This one started as a spot repair. Then we got underground and found out why the simple fix wasn't going to work - the original sewer line was blocked by another pipeline running right through it. At that point, you have two choices: patch around the problem or actually fix it. We fixed it.
We rerouted 70 feet of sewer line, dug down 12 feet, and re-tapped directly into the city main. That's not a small job. The excavation alone required trench shoring panels and a full ladder setup just to get our guy down safely to work at the connection point. When you're that far underground, there's no cutting corners on safety or on the work itself.
What you're looking at here is old cast iron pipe that had zero chance of ever draining right again. We pulled it, cleared the path, and ran new green SDR-35 pipe - the right material for a sewer lateral at this depth. Every section was leveled before backfill. The new pipe runs clean and connects to the main the way it always should have.

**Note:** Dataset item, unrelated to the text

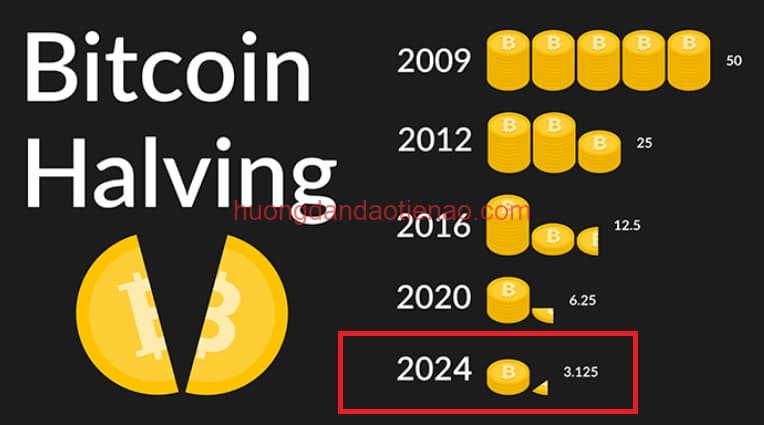 Giảm Một Nửa Khai Thác Bitcoin Vào Năm 2024: Sự Thiếu Hụt Nguồn Cung Có Kích Thích Sự Bùng Nổ Của Tiền Điện Tử Không? -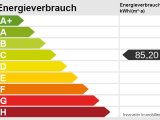 Energieskala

Jobs like this are exactly why we don't just send a camera and call it a day. Sometimes the real problem is buried 12 feet down and routed in the wrong direction entirely. Whether it's a residential sewer issue or a commercial plumbing situation that's gotten complicated, we have the equipment and the experience to handle the dig and do it right.
Not every sewer problem is a quick snake job. If you've been dealing with slow drains, backups, or a line that keeps giving you trouble, there's a good chance something deeper is going on underground.